• EXERCISE REQUIREMENTS: Each line from the one containing "Le Riviera ~" through the end of the records below must be repeated exactly, and no other line.

::: DATASET ENTRIES

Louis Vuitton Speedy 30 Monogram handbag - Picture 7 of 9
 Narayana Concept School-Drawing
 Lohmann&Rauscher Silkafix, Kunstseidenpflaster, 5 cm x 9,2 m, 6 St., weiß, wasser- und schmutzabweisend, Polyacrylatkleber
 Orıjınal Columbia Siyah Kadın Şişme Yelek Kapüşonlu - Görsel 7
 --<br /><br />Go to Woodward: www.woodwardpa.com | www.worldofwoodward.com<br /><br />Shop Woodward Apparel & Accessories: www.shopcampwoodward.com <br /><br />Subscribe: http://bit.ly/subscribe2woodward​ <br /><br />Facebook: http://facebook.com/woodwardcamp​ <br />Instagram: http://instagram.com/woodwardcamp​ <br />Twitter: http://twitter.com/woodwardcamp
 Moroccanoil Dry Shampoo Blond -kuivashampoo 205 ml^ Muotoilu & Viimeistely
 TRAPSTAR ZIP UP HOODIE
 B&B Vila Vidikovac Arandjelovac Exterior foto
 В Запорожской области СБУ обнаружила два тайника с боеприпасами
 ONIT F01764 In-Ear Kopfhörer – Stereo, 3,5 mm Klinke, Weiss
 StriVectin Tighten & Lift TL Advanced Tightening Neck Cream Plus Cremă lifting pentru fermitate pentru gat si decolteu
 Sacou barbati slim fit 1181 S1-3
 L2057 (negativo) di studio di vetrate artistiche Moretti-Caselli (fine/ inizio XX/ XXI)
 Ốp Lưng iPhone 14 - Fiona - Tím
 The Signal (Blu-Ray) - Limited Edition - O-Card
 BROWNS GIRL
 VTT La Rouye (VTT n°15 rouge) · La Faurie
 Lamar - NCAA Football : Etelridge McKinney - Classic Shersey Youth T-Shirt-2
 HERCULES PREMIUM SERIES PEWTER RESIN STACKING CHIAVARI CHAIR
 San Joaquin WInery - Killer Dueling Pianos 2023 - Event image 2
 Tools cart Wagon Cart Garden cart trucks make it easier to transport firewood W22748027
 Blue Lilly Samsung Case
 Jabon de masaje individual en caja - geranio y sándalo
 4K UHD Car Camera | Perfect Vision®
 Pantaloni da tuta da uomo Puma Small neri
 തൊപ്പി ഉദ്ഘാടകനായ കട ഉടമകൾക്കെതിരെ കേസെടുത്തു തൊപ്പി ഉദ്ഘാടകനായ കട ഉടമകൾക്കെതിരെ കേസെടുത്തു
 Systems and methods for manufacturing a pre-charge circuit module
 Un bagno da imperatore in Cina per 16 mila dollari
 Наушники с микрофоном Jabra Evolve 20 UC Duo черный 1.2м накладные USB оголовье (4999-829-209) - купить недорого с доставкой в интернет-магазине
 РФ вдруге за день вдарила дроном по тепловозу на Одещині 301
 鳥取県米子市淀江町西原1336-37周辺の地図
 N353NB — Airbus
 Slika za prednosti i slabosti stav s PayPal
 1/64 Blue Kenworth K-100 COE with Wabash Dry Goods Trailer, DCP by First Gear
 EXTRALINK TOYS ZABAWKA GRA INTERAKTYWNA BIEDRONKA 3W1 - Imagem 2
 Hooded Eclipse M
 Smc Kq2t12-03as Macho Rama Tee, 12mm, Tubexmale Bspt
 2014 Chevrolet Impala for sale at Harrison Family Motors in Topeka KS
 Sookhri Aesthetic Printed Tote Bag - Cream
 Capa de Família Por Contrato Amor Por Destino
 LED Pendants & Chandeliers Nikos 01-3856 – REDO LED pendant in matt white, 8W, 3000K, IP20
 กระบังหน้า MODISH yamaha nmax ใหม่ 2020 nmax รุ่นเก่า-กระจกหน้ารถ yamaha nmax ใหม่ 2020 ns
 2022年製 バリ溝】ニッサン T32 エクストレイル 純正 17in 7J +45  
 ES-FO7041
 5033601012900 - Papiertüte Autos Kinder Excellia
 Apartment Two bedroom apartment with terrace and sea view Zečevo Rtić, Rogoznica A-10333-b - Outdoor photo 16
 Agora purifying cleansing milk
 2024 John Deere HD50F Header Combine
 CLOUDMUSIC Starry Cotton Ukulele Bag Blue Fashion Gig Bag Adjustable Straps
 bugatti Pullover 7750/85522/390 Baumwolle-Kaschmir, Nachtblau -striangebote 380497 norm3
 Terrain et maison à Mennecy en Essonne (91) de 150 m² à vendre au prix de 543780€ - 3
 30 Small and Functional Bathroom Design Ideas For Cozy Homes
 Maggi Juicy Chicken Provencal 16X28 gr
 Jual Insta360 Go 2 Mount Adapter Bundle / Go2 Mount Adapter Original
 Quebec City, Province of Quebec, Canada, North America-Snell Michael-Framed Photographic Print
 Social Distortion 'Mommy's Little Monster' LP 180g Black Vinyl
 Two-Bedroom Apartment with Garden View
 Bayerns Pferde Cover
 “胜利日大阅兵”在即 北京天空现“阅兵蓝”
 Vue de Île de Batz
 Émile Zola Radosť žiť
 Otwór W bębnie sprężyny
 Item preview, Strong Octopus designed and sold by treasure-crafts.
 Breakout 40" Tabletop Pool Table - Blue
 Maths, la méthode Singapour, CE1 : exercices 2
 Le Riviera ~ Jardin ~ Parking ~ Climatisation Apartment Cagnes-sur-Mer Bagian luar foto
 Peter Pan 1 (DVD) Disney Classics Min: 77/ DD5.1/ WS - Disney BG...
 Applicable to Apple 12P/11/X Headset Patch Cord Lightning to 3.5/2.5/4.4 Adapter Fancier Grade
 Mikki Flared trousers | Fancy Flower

::::::

• RESULT OF THIS TASK:
 Le Riviera ~ Jardin ~ Parking ~ Climatisation Apartment Cagnes-sur-Mer Bagian luar foto
 Peter Pan 1 (DVD) Disney Classics Min: 77/ DD5.1/ WS - Disney BG...
 Applicable to Apple 12P/11/X Headset Patch Cord Lightning to 3.5/2.5/4.4 Adapter Fancier Grade
 Mikki Flared trousers | Fancy Flower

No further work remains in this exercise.